Metamath Proof Explorer

Theorem expn1

Description: A complex number raised to the negative one power is its reciprocal. When A = 0 , both sides have the "value" ( 1 / 0 ) ; relying on that should be avoid in applications. (Contributed by Mario Carneiro, 4-Jun-2014)

		Ref	Expression
	Assertion	expn1	\|- ( A e. CC -> ( A ^ -u 1 ) = ( 1 / A ) )

Proof

Step	Hyp	Ref	Expression
1		1nn0	\|- 1 e. NN0
2		expneg	\|- ( ( A e. CC /\ 1 e. NN0 ) -> ( A ^ -u 1 ) = ( 1 / ( A ^ 1 ) ) )
3	1 2	mpan2	\|- ( A e.

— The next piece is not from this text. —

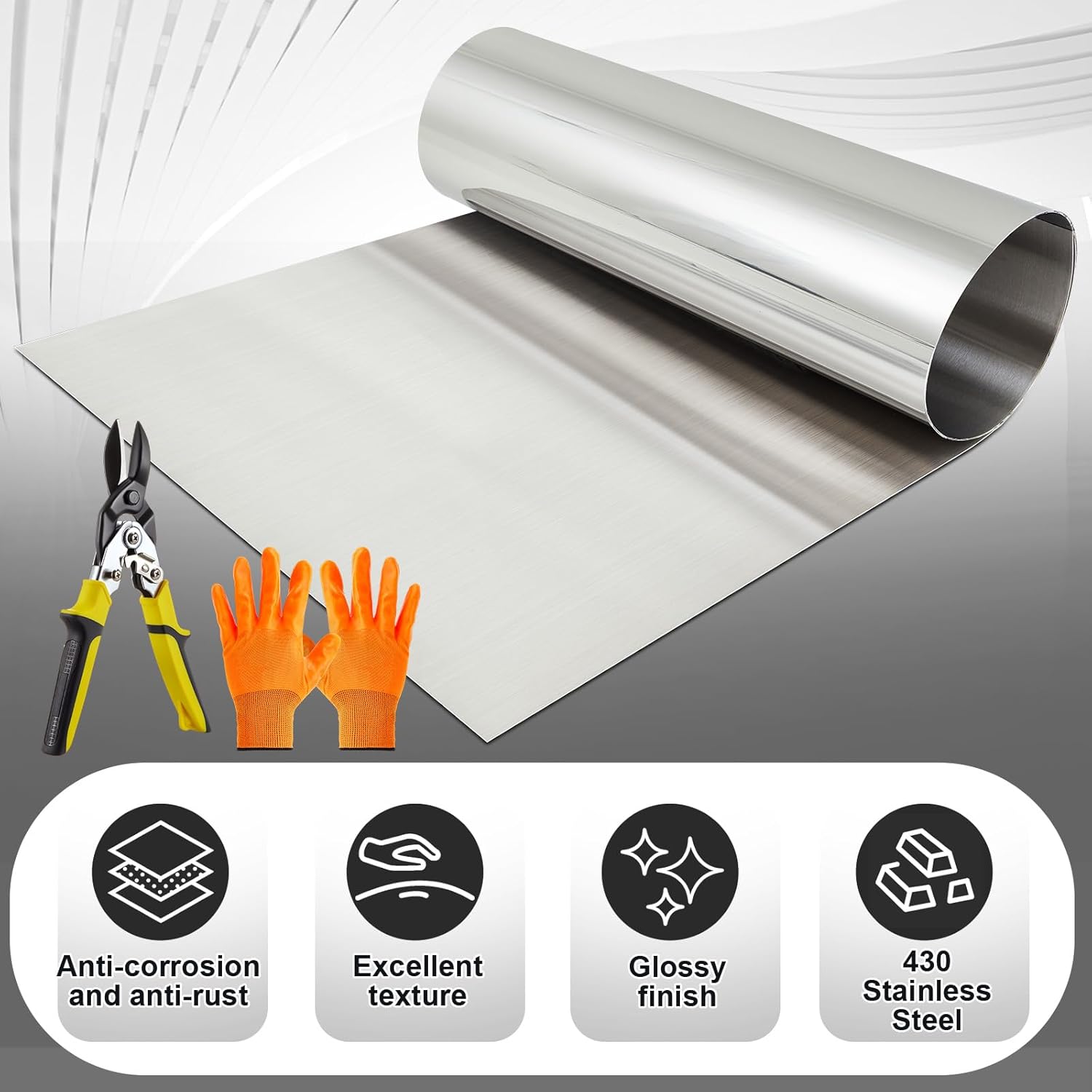 430 Stainless Steel Sheets Metal Set 96 x 48 Inches 24ga Plates Panel #4 Brushed Finish Magnetic Mount Board Includes Steel Plate Plier and Gloves for Crafting Kitchen Office Stove Top Truck Floor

CC -> ( A ^ -u 1 ) = ( 1 / ( A ^ 1 ) ) )
4		exp1	\|- ( A e. CC -> ( A ^ 1 ) = A )
5	4	oveq2d	\|- ( A e. CC -> ( 1 / ( A ^ 1 ) ) = ( 1 / A ) )
6	3 5	eqtrd	\|- ( A e. CC -> ( A ^ -u 1 ) = ( 1 / A ) )